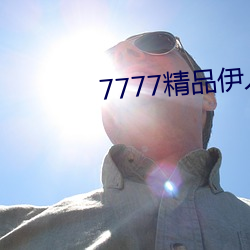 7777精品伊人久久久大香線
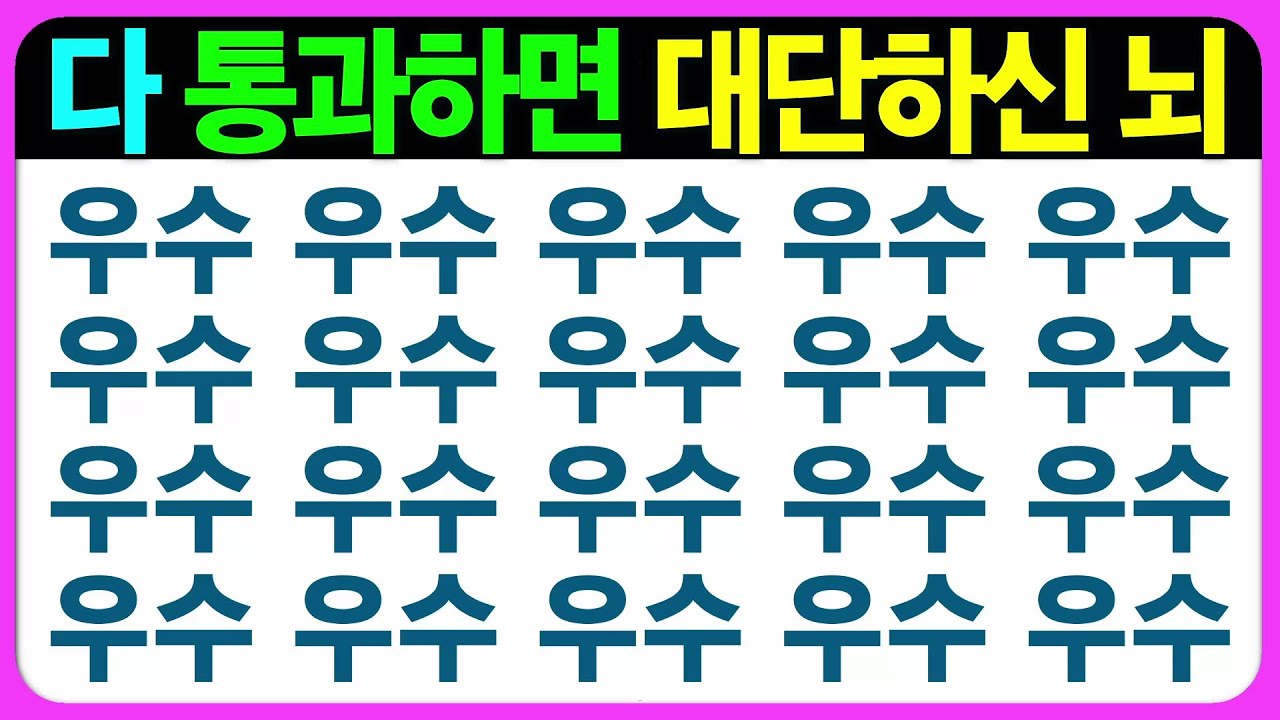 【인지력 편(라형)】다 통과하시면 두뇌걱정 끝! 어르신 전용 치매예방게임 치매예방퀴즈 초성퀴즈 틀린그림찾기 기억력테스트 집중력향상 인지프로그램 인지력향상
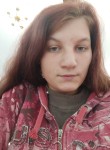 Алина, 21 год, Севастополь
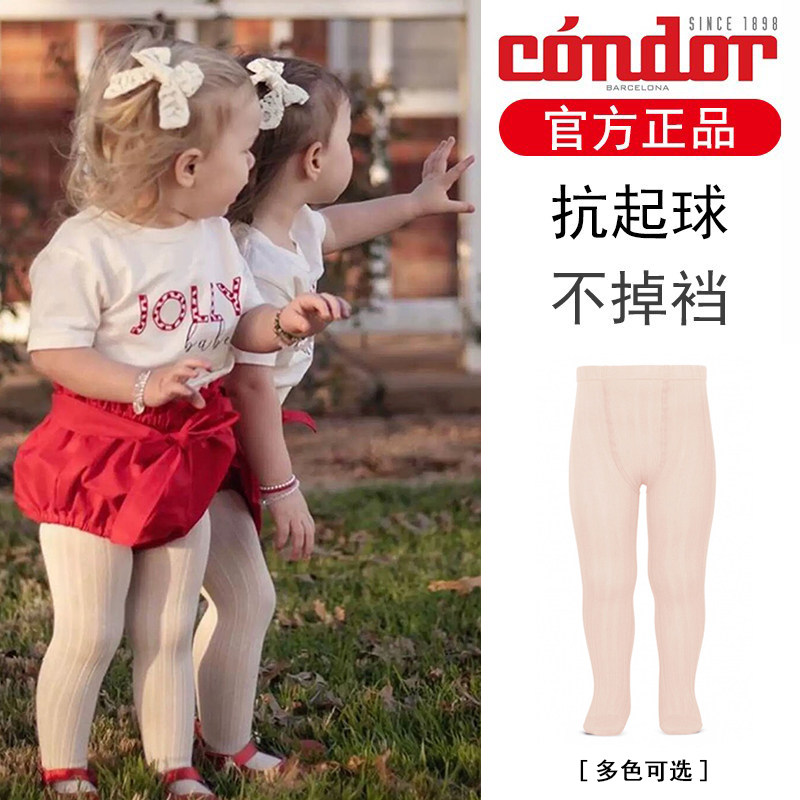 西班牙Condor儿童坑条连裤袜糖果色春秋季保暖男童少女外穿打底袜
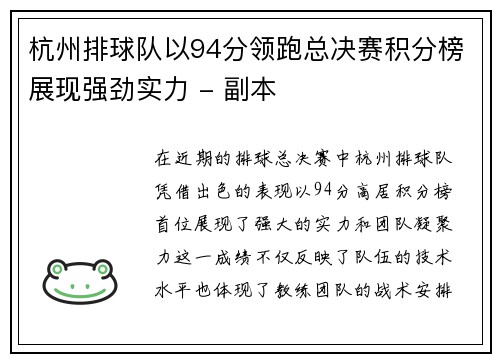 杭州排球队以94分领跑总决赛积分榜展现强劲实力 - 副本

#### Task
Print every entry above verbatim but drop the images.

#### Response area
 7777精品伊人久久久大香線
 【인지력 편(라형)】다 통과하시면 두뇌걱정 끝! 어르신 전용 치매예방게임 치매예방퀴즈 초성퀴즈 틀린그림찾기 기억력테스트 집중력향상 인지프로그램 인지력향상
 Алина, 21 год, Севастополь
 西班牙Condor儿童坑条连裤袜糖果色春秋季保暖男童少女外穿打底袜
 杭州排球队以94分领跑总决赛积分榜展现强劲实力 - 副本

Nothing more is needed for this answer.